The voices we encounter are those of displaced women and children, in their own words or in stories told in text and images by noted writers and artists. The stories unfold in an avalanche: An orphan goes to jail for stealing leftovers. A teenage girl falls in love in a city of disappeared women. A child soldier escapes his army only to be saved by the people he was taught to kill.

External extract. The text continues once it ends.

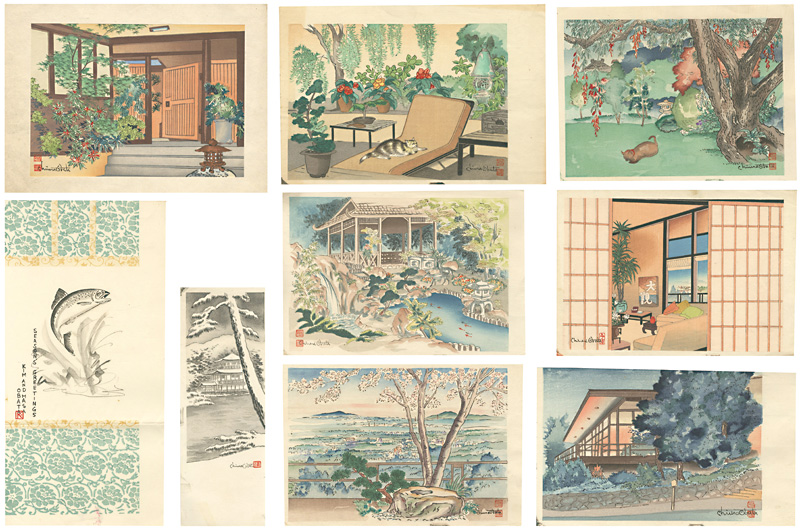 Obata Chiura “Woodblock Prints for Greeting Cards”／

Mia Kirshner's journals guide us through a unique paper documentary brought vividly to life in collaboration with J.B. MacKinnon, Paul Shoebridge, and Michael Simons, with featured works by Joe Sacco, Ann-Marie MacDonald, Phoebe Gloeckner, Chris Abani, Karen Connelly, Lauren Kirshner, Kamel Khelif, and many others.
From Publishers Weekly
This paper documentary, as they bill it, tells hot-button stories from four world crisis areas: Chechnya (in the midst of war), Burma (ethnic cleansing), Mexico (globalization) and Malawi (AIDS). Those credited are identified as an actor, an author and two creative directors who have conceptualized international advocacy campaigns, as well as a number of other artists and writers. Each 84-page book (collected in a foldout case) is formatted as a collage-illustrated multimedia journal with stories of various refugees. Two contain short graphic novels. Joe Sacco (Palestine) tackles Chechnya in his straightforward lack of style. Burma is the fumetti-inspired story of a young sex worker, featuring heavily photo-referenced art by Kamel Khelif. The Mexican entry tells the story of one of the many young female factory workers gone missing and found dead in Juarez. Malawi has the feel of an African folktale. An ambitious project of this scope, with all the attendant marketing, may strike the jaded as another guilt-assuaging, [...] charity effort. However, the vibrant, collage-like approach to the subject matter gives the material immediacy, even if those most likely to read it are already persuaded something should be done about these perils. (Oct.)